Noting his protégé’s struggles, Rosen replied, “My sentence is: I want you back in the game.” Energized, Liberman started the messianic church now led by his son before he later moved to Israel for nine years.
“To me it was a crossroads in life,” says Liberman, who until last summer was also director of the Jewish Messianic Alliance but today is back in California. “He’s always been a hero of mine. He provided a lot of energy and showed us we can evangelize Jews. He was a leader by example.”
Various adjectives apply to Rosen, whether “prescient,” “brilliant,” “outspoken” or “humble.” Others use terms such as “authoritarian,” “overbearing” and “controlling”-critics who see him as anything but kind. There were enough of the latter that in 2004 Rosen posted a letter on JFJ’s Web site apologizing to anyone he had offended.
“It’s true,” Rosen says of his aggressive nature. “Most people who are in charge of things-you will come up against them. Those are things about my personality, but it didn’t stop me from doing what I needed to do.”
Book editor Steve Lawson, who once worked under Rosen as JFJ’s director of publishing, never found the major accusations valid.

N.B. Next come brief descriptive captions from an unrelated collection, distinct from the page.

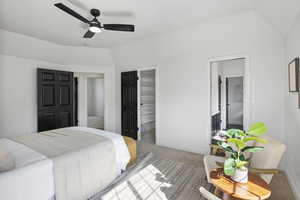 Carpeted bedroom featuring a walk in closet, vaulted ceiling, ceiling fan, and ensuite bath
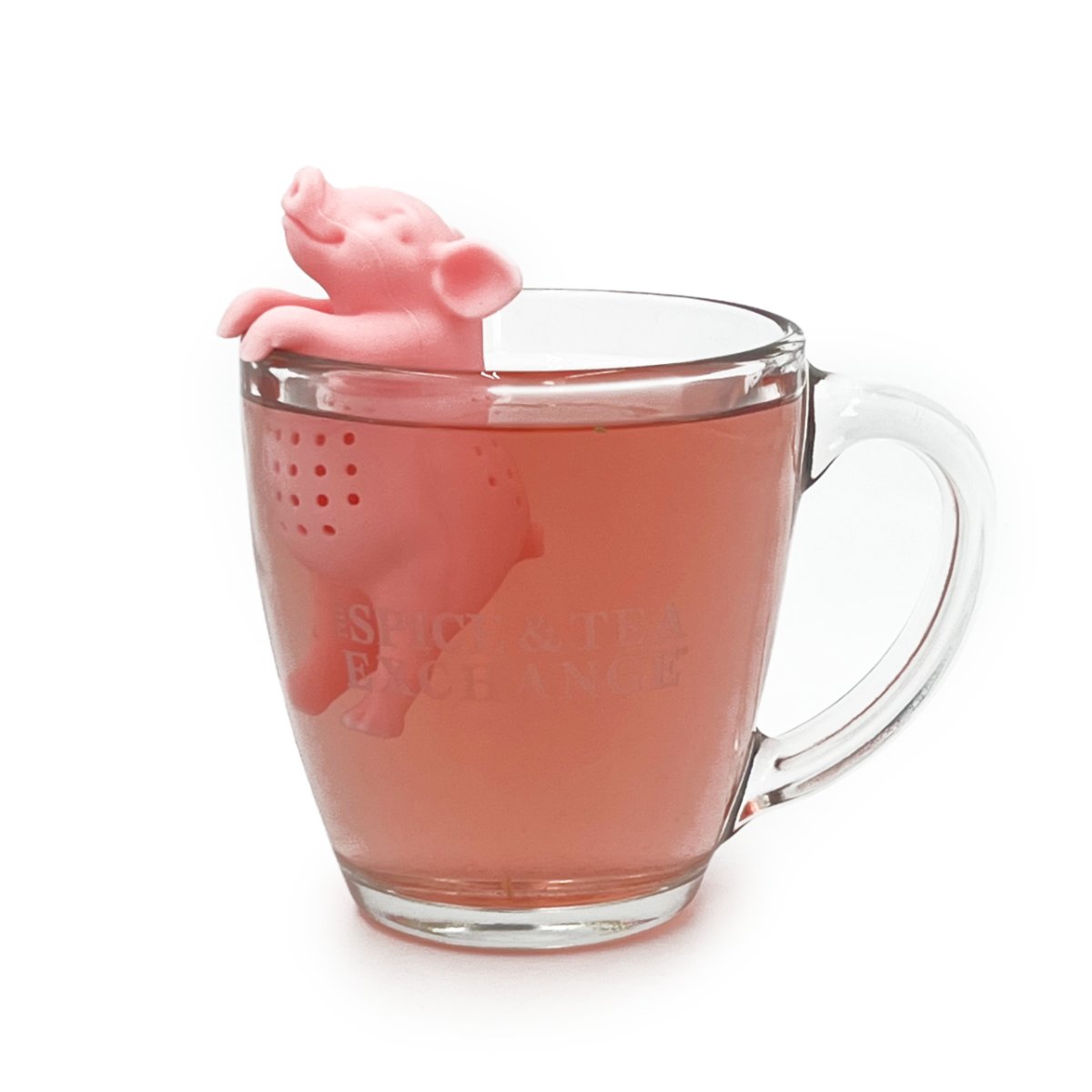 A clear glass mug holds pink tea brewed with the Hot Belly Infuser, a BPA-free silicone pig-shaped tea accessory that hooks over the rim with its head and front legs outside—ideal for making your favorite loose tea.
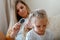 Mother combing daughter long hair by hairbrush. Caucasian blonde mom combing curly blond kid chaild. Mom does hair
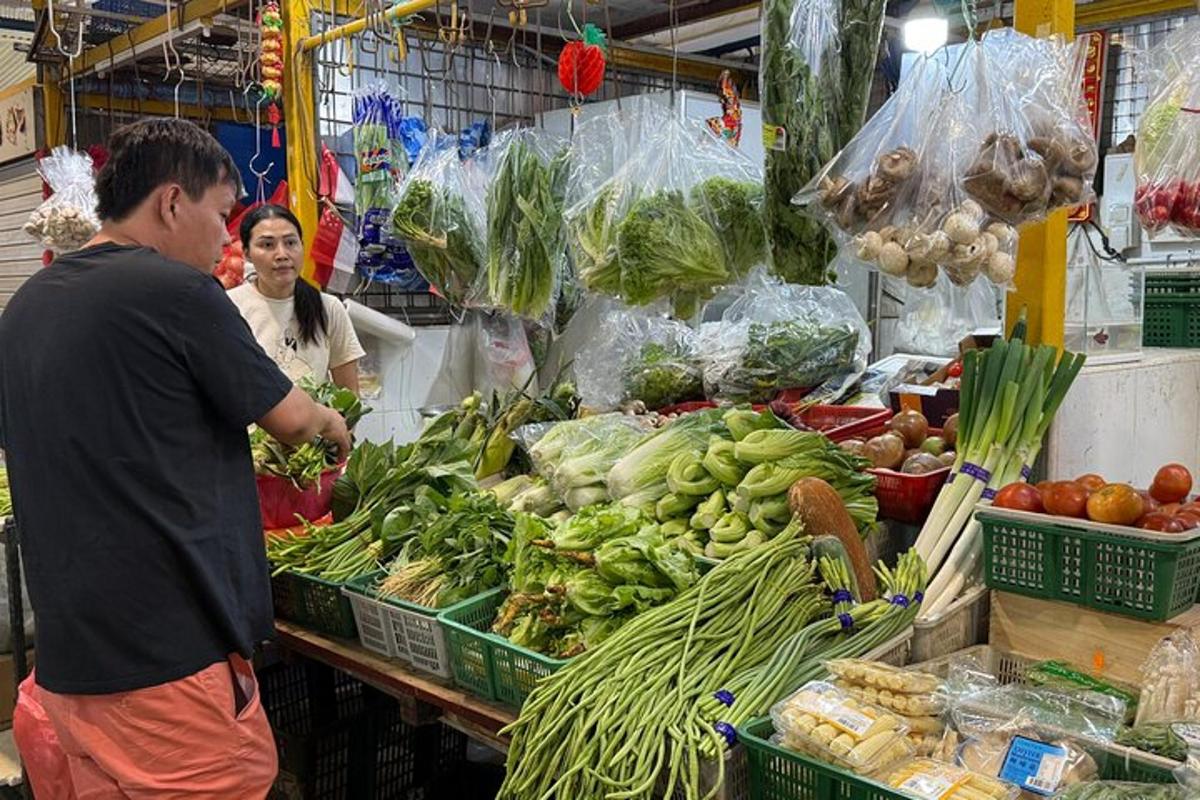 Un hombre parado en un mercado con una pila de verduras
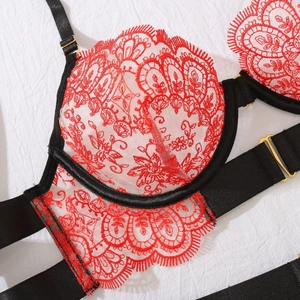 Close-up of red floral embroidery on sheer mesh fabric with black adjustable straps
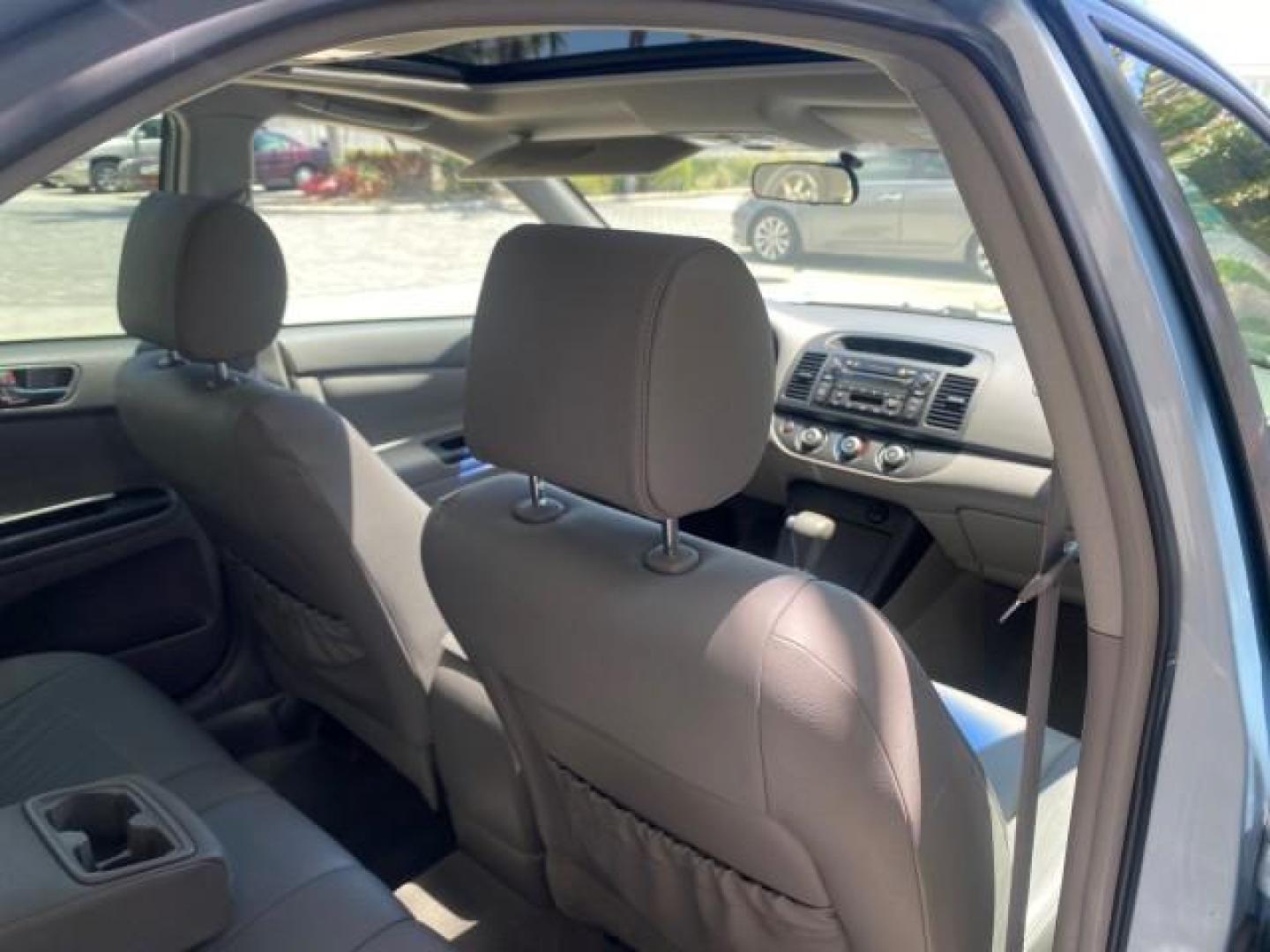 2005 Sky Blue Pearl /Stone Toyota Camry LE FL LOW MILES SUNROOF LEATHER (4T1BE32K25U) with an 2.4L DOHC SEFI Vvti 16-Valve 4-Cyl Engine engine, Automatic transmission, located at 4701 North Dixie Hwy, Pompano Beach, FL, 33064, (954) 422-2889, 26.240938, -80.123474 - OUR WEBPAGE FLORIDACARS1.COM HAS OVER 100 PHOTOS AND FREE CARFAX LINK 2005 TOYOTA CAMRY LE SUNROOF LEATHER VIN: 4T1BE32K25U531416 4 T 1 B E 3 2 K 2 5 U 5 3 1 4 1 6 SEDAN 4 DR 2.4L I4 F DOHC 16V 4 CYL 34 MPG GASOLINE FRONT WHEEL DRIVE Top Features JBL Sound System Leather Seats Basic Features ABS Bra - Photo#88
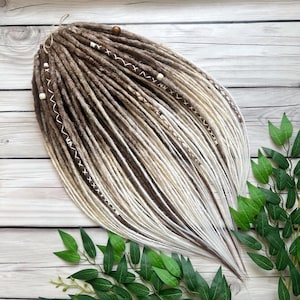 Könnte beinhalten: Braune und weiße synthetische Dreadlocks mit Perlen und Schnurakzente. Die Dreadlocks sind fächerförmig angeordnet und liegen auf einer Holzoberfläche.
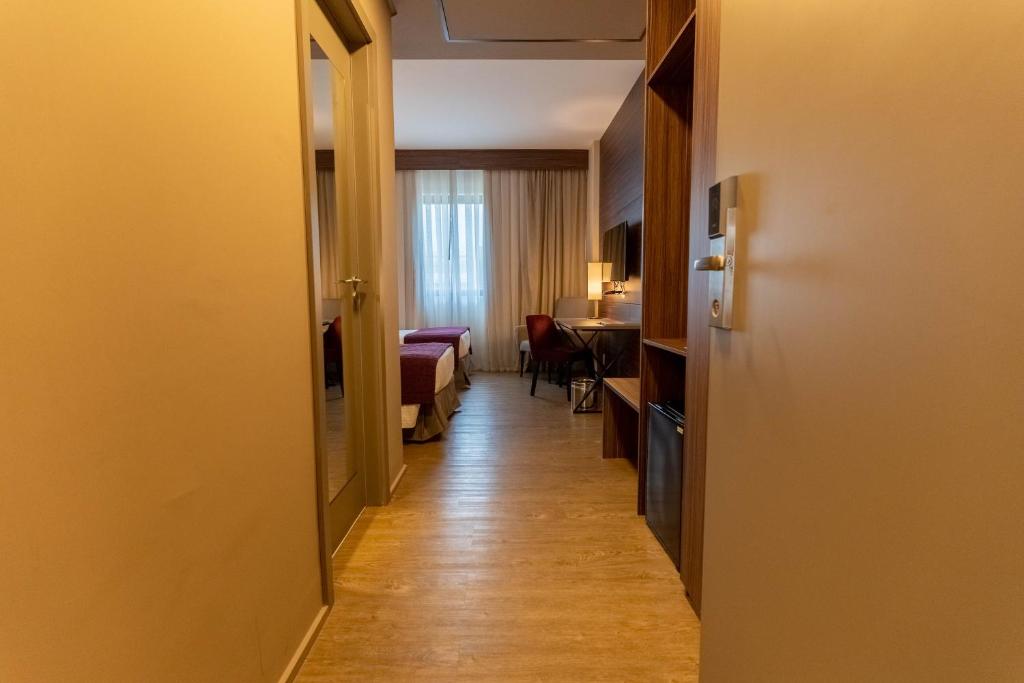 Cama ou camas em um quarto em Royal Palm Tower Anhanguera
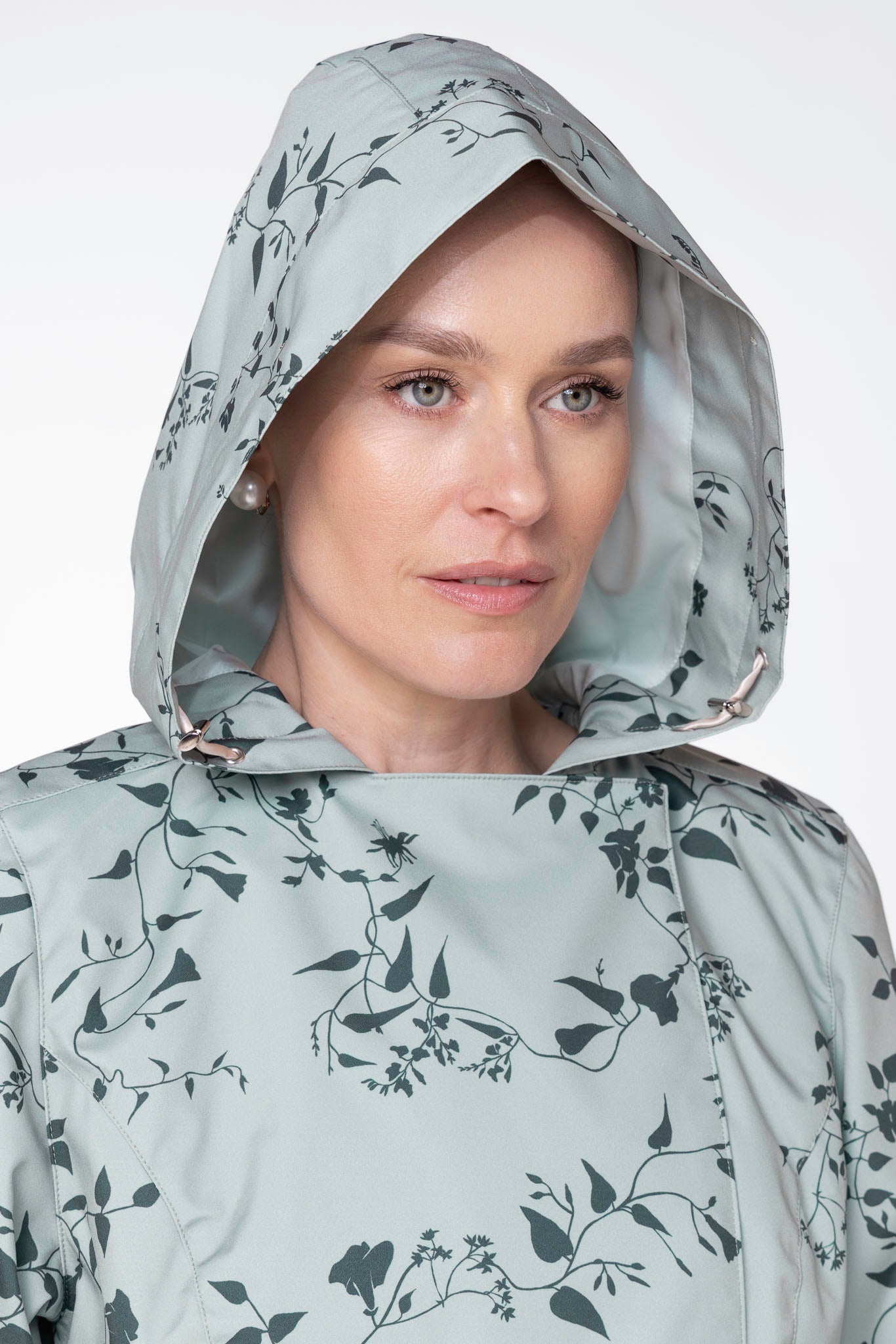 Close-up of hood detail on Minty Meadow lightweight water-resistant women's coat
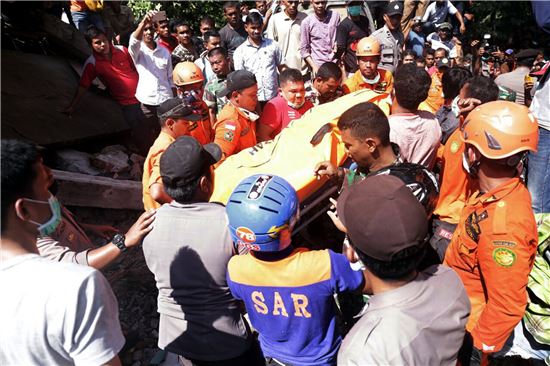 ▲7일(현지시간) 규모 6.5의 강진이 발생한 인도네시아 아체주에서 구조당국이 희생자의 시신을 실어나르고 있다. (사진=AP연합뉴스)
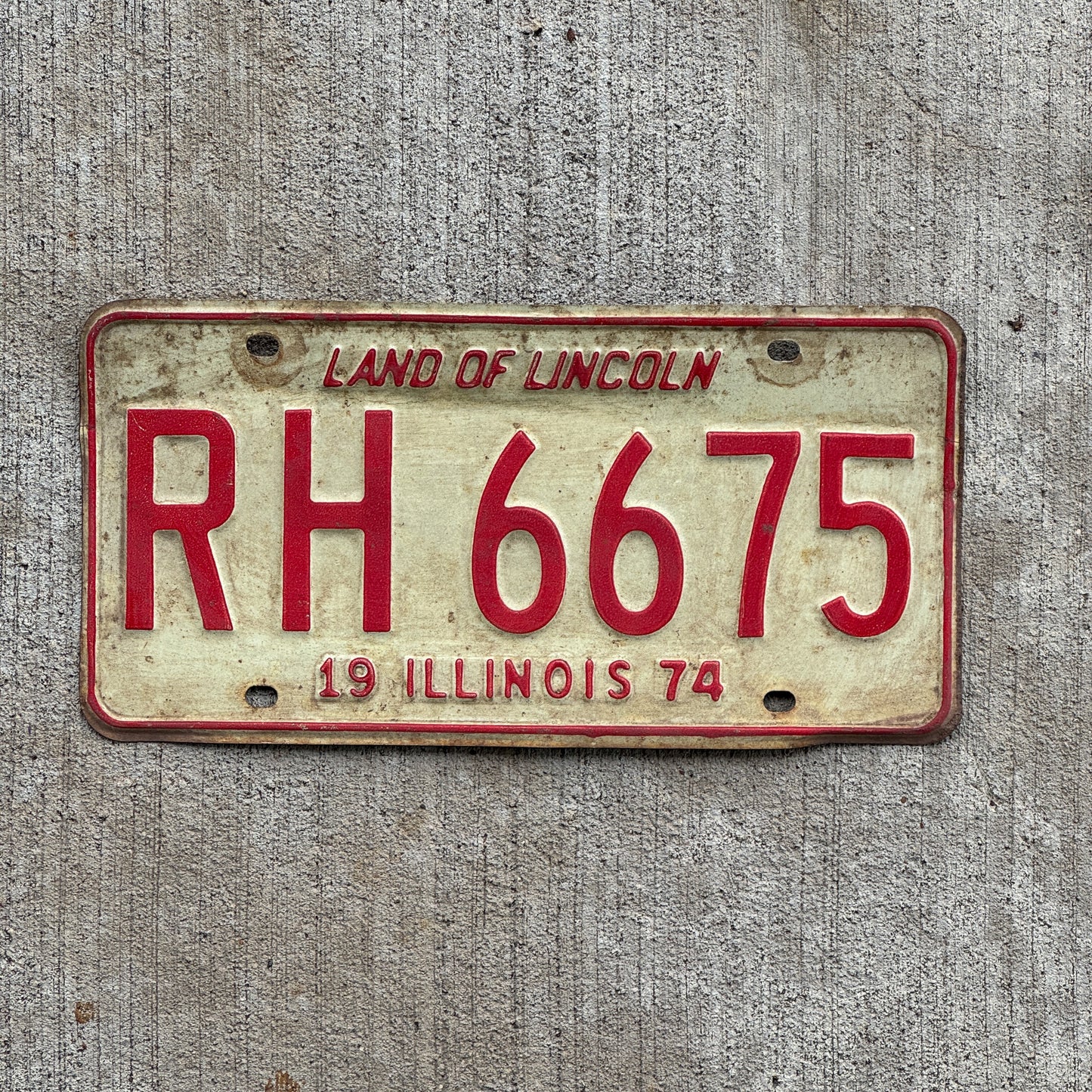 Photo of a 1974 Illinois License Plate Auto Tag Garage Decor Vintage RH 6675 with original patina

He mentions the meeting where staffers discussed a negative article and Rosen remarked, “If we’re a cult, how come I can’t get you guys to do what I want you to do?”
“Everywhere I go I meet Jews who have been offended by Jews for Jesus,” Lawson says. “Nobody’s perfect. … Moishe Rosen is the first to admit it. There have been people hurt because of mistakes or something done wrong, but a larger number have been offended because of the gospel.”
When it comes to how her father will be remembered, Ruth Rosen says it will depend on the speaker’s perspective.
Currently writing his biography, the longtime JFJ editor says many will see him as the person who helped them discover God. Others will label him an eccentric and some a traitor responsible for so many Jews turning to Jesus, she says.
As for former cohorts who founded the bitterly critical organization called Ex-Jews for Jesus, Ruth Rosen hopes they understand her father’s legacy doesn’t focus on his greatness but God’s.